Maria Elizette de Magalhães Melo Bayan (1938–2025) was a Portuguese opera soprano who performed both in Portugal and internationally.

==Early life==
Bayan was born in Viseu, Portugal on 28 October 1938. She first sang with an orchestra at the age of ten in Coimbra. She learnt piano and singing with her mother before studying singing at the National Conservatory of Music in Lisbon (Conservatório Nacional de Lisboa). She then went to the Mozarteum University Salzburg in Austria before studying at the Accademia Musicale Chigiana in Siena, Italy, benefitting from a scholarship from the Calouste Gulbenkian Foundation. Among others, she studied with Gino Bechi.

==Career==
Bayan debuted professionally in 1967 in the role of Rosina in Rossini's opera The Barber of Seville, with the then Portuguese Opera Company (CPO) at the Teatro da Trindade in Lisbon. In 1969, after an international competition in Salzburg, she was chosen to participate in Mozart Week, later repeating her performance in Brussels and Ghent in Belgium. While still in Salzburg, she sang for the radio station, ORF. Two years later gave concerts in the Rittersaal of the Salzburg Residenz, under the direction of conductors Paul Müller, Winfried Bauernfeind, and Michael Mann. She also sang the Stabat Mater, a 13th-century Christian hymn, under the direction of Harald Gattermair.

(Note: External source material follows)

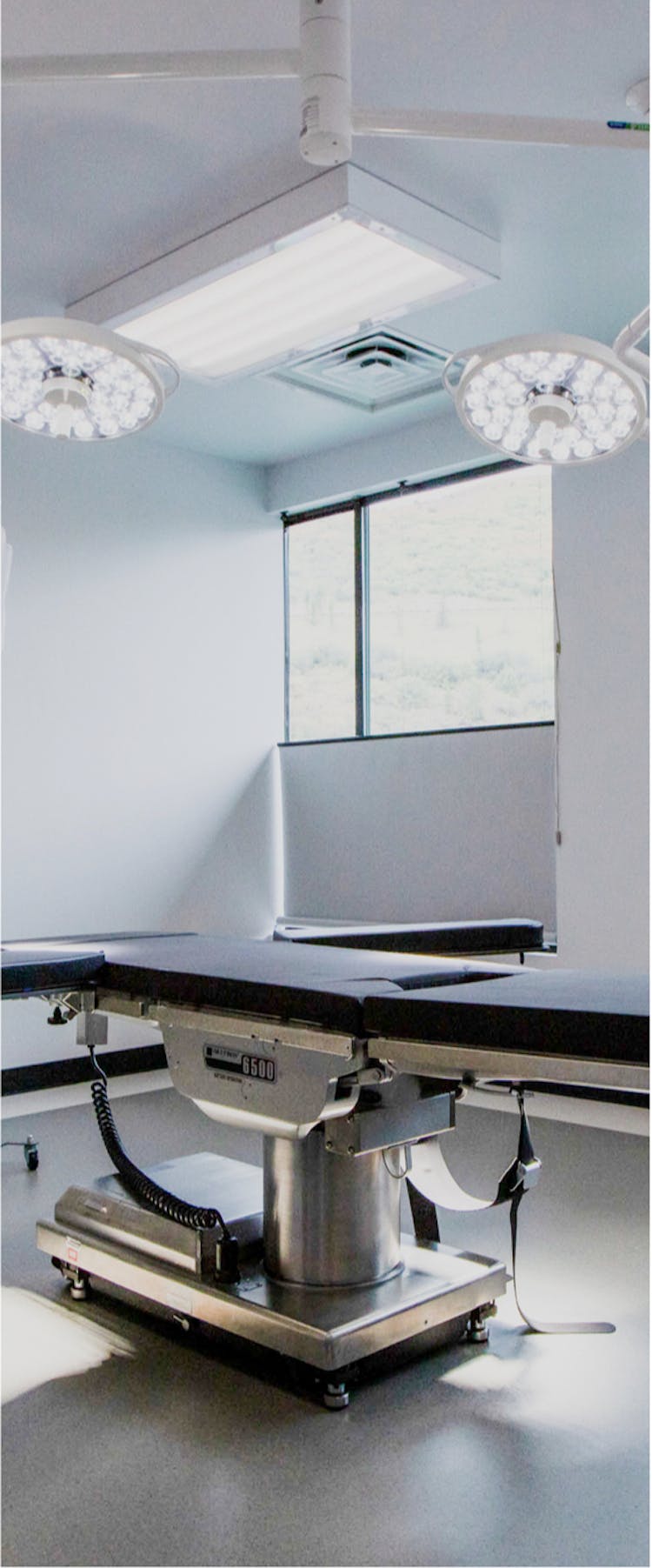 Surgical table at Mangat Plastic Surgery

Bayan premiered the cantata Dom Garcia by the Portuguese composer, Joly Braga Santos (op. 44), at the Vilar de Mouros Festival in 1971. She participated in several sacred music concerts, under the direction of conductors such as Michel Corboz and Werner Andreas Albert, at the Gulbenkian Foundation and in Lisbon Cathedral. In Paris, she worked at French Radio and Television (RTF) and at the Portuguese Cultural Centre, under the direction of Corboz. During her career she sang with tenors such as Plácido Domingo, José Carreras, and Alfredo Kraus, and the baritone, Renato Bruson.

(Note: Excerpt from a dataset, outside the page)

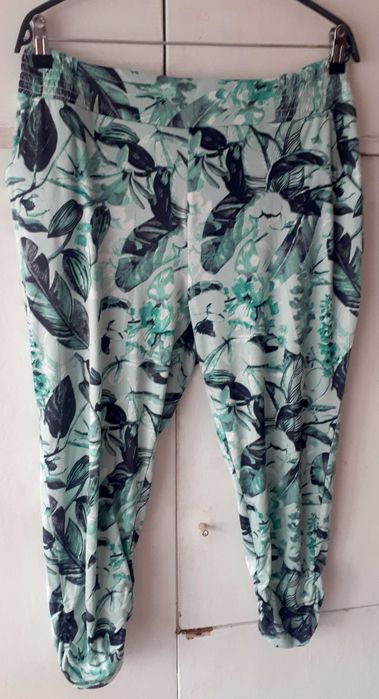 Spodnie damskie krótkie, odcienie zieleni, motywy roślinne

She was a resident singer at the Teatro Nacional de São Carlos in Lisbon, where she played many leading roles and continued to premiere new works by composers such as Braga Santos and António Vitorino de Almeida. Her stage performances outside Portugal included Rossini's La scala di seta (The Silken Ladder) at the Vienna Chamber Opera. One of her career highlights was at the Teatro Massimo Bellini in Catania in Sicily Italy, in Bellini's opera I puritani (The Puritans) conducted by Albert, in which she sang an encore of the aria "Qui la voce sua soave…".

==Awards and honours==
Bayan was awarded the Tomás Alcaide Prize in 1971. In the same year she was awarded the Bordalo Prize. In 2005, on the occasion of International Women's Day she was made a Grand Officer of the Order of Prince Henry by the Portuguese president, Jorge Sampaio.

==Death==
Bayan died on 29 May 2025. She was buried in the Olivais cemetery in Lisbon.